Monday, December 10, 2007 - 8:05 AM
0253

Systematics and color mimicry evolution of the cyanide-producing millipedes of Appalachia

Paul Marek, pm0623@ecu.edu and Jason Bond, bondja@ecu.edu. East Carolina University, Biology Department, Howell Science Complex/N211, Greenville, NC

Individuals in the millipede genus Brachoria display extremely variable color patterns serving to warn predators of cyanide. Across its range members are often visually identical to other apheloriine species with sometimes five similarly patterned species at a locality, hypothetically representing Müllerian mimicry. Theoretical predictions suggest: (1) mimic species emulate the most abundant and/or most defended model; (2) overlap in the aposematic signal of the model and mimic is not attributable to relatedness; and (3) signal divergence across the mimic’s distribution is predicted by the model’s.
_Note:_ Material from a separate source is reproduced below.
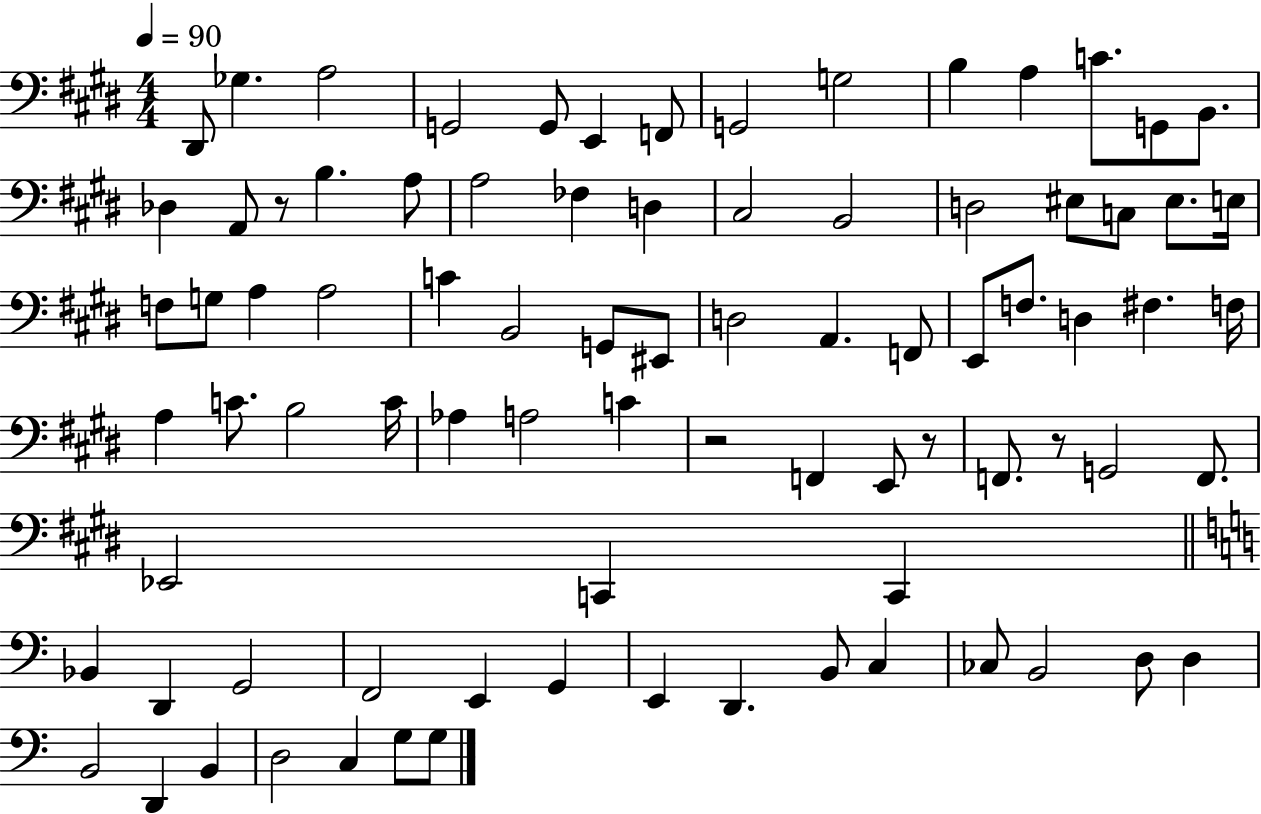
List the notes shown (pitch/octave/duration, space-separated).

D#2/e Gb3/q. A3/h G2/h G2/e E2/q F2/e G2/h G3/h B3/q A3/q C4/e. G2/e B2/e. Db3/q A2/e R/e B3/q. A3/e A3/h FES3/q D3/q C#3/h B2/h D3/h EIS3/e C3/e EIS3/e. E3/s F3/e G3/e A3/q A3/h C4/q B2/h G2/e EIS2/e D3/h A2/q. F2/e E2/e F3/e. D3/q F#3/q. F3/s A3/q C4/e. B3/h C4/s Ab3/q A3/h C4/q R/h F2/q E2/e R/e F2/e. R/e G2/h F2/e. Eb2/h C2/q C2/q Bb2/q D2/q G2/h F2/h E2/q G2/q E2/q D2/q. B2/e C3/q CES3/e B2/h D3/e D3/q B2/h D2/q B2/q D3/h C3/q G3/e G3/e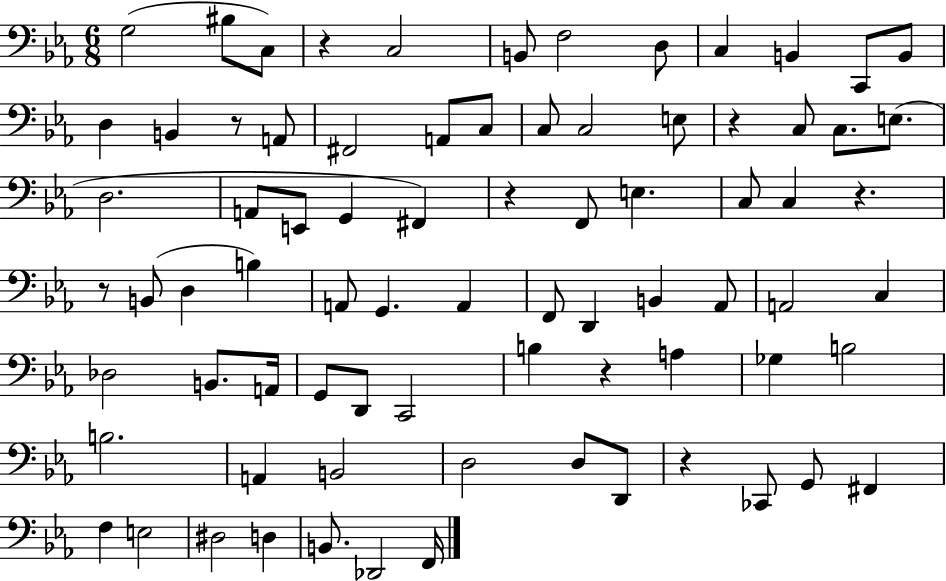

To test hypothesis 2, we reconstructed apheloriine evolutionary history to determine the phylogenetic distance between co-mimics. Phylogenies recover deep divergence between co-mimics suggesting overlap is not a result of close ancestry, but of unique selection toward signal convergence at a locality. In addition to providing a framework to address taxonomy, the phylogeny provides a context for a phylogeographic study testing predictions 1, 3, and co-mimic abundances formulated by original theoretical models of mimicry.